DE-102022108668-B4 - Journal groups for a metadata housekeeping process
Abstract
A storage system (100) comprising the following: a processor; a memory (115); and a machine-readable memory that stores instructions, whereby the instructions can be executed by the processor to: to detect a housekeeping operation to perform a set of housekeeping updates on a set of container indexes (220), each container index containing metadata for deduplicated data units; in response to a detection of the housekeeping operation, to identify from the set of container indexes (220) a subset of container indexes that are associated with a particular journal group (120; 310), wherein the particular journal group (120; 310) comprises a plurality of journals (130; 320) to store changes to metadata contained in the subset of container indexes, wherein each journal of the particular journal group (120; 310) is to store changes to metadata contained in an associated container index of the subset of container indexes; and during the housekeeping process, to maintain the specific journal group (120; 310) that was loaded into memory (115) until all of the set of housekeeping updates have been stored in the respective journals (130; 320) of the specific journal group (120; 310).
Inventors
- Richard Phillip MAYO
- Callum Murray
- David Malcolm Falkinder
Assignees
- HEWLETT PACKARD ENTERPRISE DEVELOPMENT LP
Dates
- Publication Date
- 20260513
- Application Date
- 20220410
- Priority Date
- 20220127
Claims (20)
- A memory system (100) comprising: a processor; a memory (115); and a machine-readable memory that stores instructions, wherein the instructions can be executed by the processor to: detect a housekeeping operation to perform a set of housekeeping updates on a set of container indexes (220), each container index comprising metadata for deduplicated data units; in response to a detection of the housekeeping operation, to identify from the set of container indexes (220) a subset of container indexes that are associated with a particular journal group (120; 310), wherein the particular journal group (120; 310) comprises a plurality of journals (130; 320) to store changes to metadata contained in the subset of container indexes, with each journal of the particular journal group (120; 310) being intended to store changes to metadata contained in an associated container index of the subset of container indexes; and during the housekeeping operation, to maintain the particular journal group (120; 310) that was loaded into memory (115) until all of the set of housekeeping updates have been stored in the respective journals (130; 320) of the particular journal group (120; 310).

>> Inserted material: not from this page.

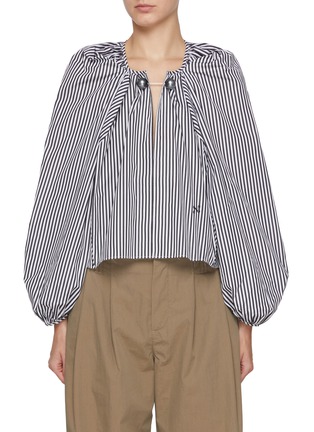 Main View - Click To Enlarge - NACKIYÉ - Grand Bazaar Puff Sleeve Cotton Mini Top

- The storage system according to Claim 1 , wherein the housekeeping operation consists of updating reference counts contained in the set of container indices (220) based on a stack of manifests (150), and wherein the set of container indices (220) is referenced by the stack of manifests (150).
- The storage system (100) according to Claim 1 , which includes instructions that can be executed by the processor to: load the set of container indices (220) into memory (115); determine a plurality of reference count changes associated with the set of container indices (220); and generate a work summary (180) based on the plurality of reference count changes.
- The storage system (100) according to Claim 1 , which includes instructions that can be executed by the processor to: identify a plurality of journal groups (120; 310) associated with the set of container indexes (220) using a stored lookup table (186); and sort the set of container indexes (220) in a sorted order according to the associated journal groups (120; 310).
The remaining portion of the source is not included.